● EXTRACTED RECORDS
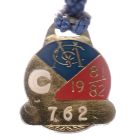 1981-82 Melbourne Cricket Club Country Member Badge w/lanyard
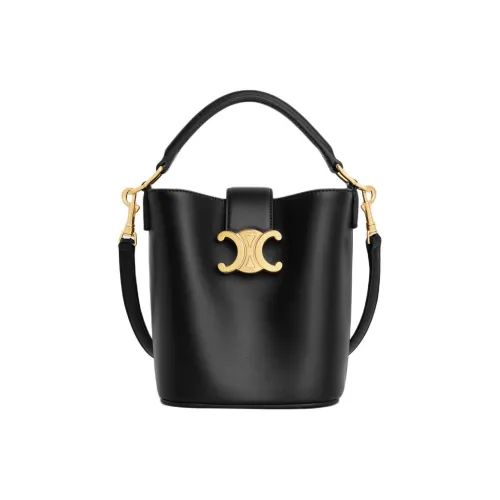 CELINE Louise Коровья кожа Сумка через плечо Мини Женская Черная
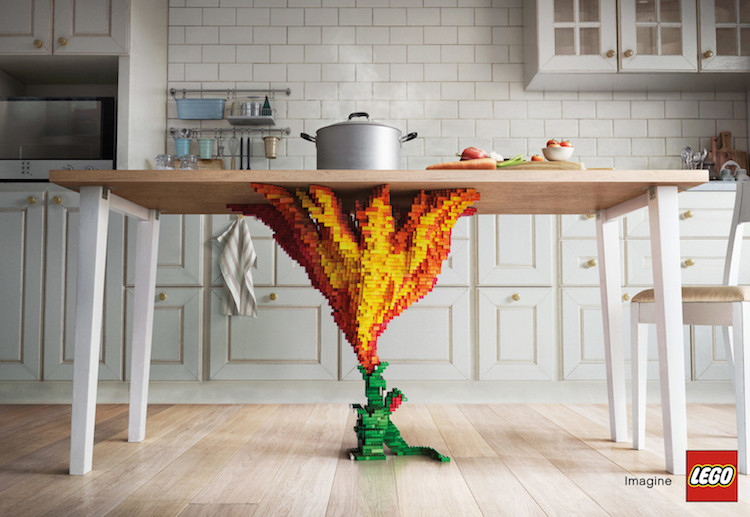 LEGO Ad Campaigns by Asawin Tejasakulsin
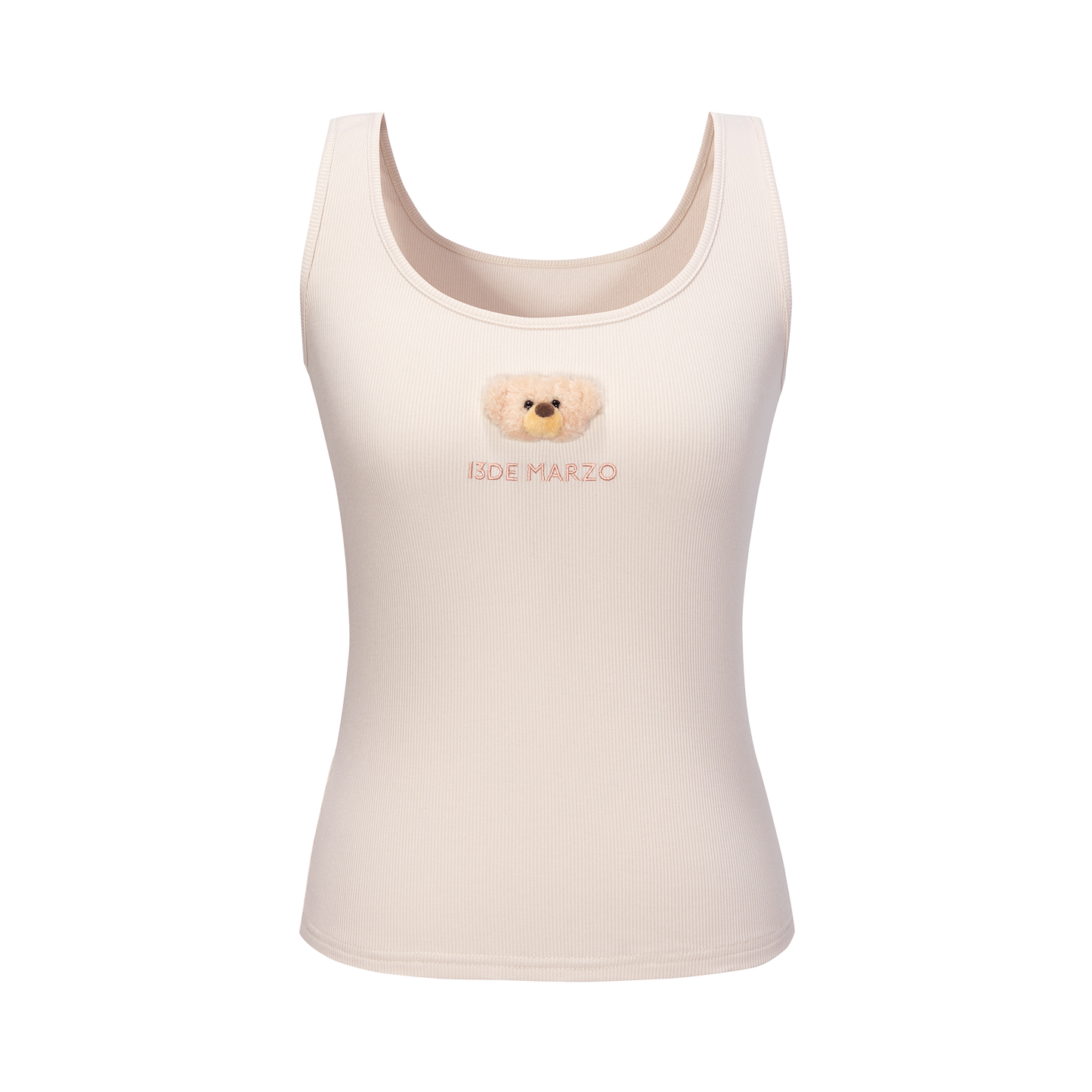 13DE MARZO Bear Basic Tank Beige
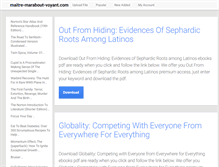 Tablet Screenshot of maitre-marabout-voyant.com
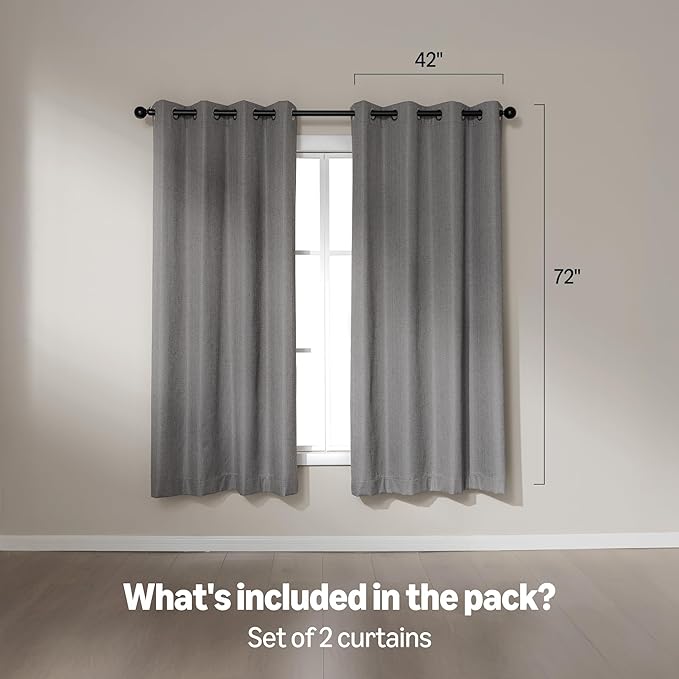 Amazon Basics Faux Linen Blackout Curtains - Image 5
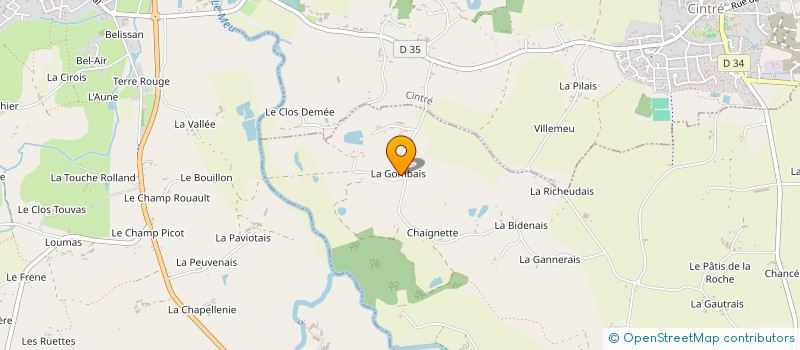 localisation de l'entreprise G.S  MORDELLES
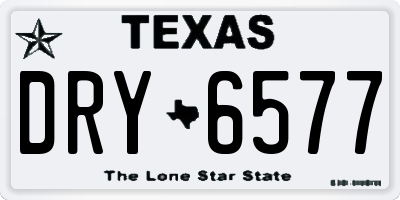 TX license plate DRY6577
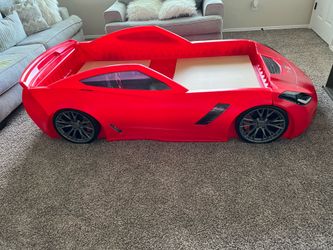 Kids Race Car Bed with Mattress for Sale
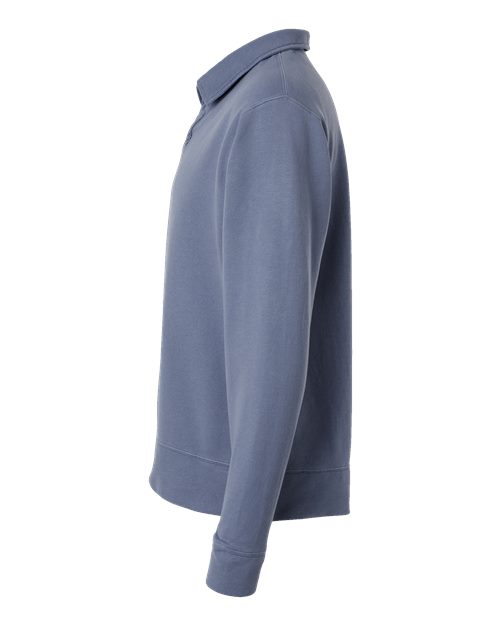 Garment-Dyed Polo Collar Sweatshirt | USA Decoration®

● TASK DETAILS
From the first line to the last, repeat the material exactly, but drop the pictures.

● FINAL ANSWER
 1981-82 Melbourne Cricket Club Country Member Badge w/lanyard
 CELINE Louise Коровья кожа Сумка через плечо Мини Женская Черная
 LEGO Ad Campaigns by Asawin Tejasakulsin
 13DE MARZO Bear Basic Tank Beige
 Tablet Screenshot of maitre-marabout-voyant.com
 Amazon Basics Faux Linen Blackout Curtains - Image 5
 localisation de l'entreprise G.S  MORDELLES
 TX license plate DRY6577
 Kids Race Car Bed with Mattress for Sale
 Garment-Dyed Polo Collar Sweatshirt | USA Decoration®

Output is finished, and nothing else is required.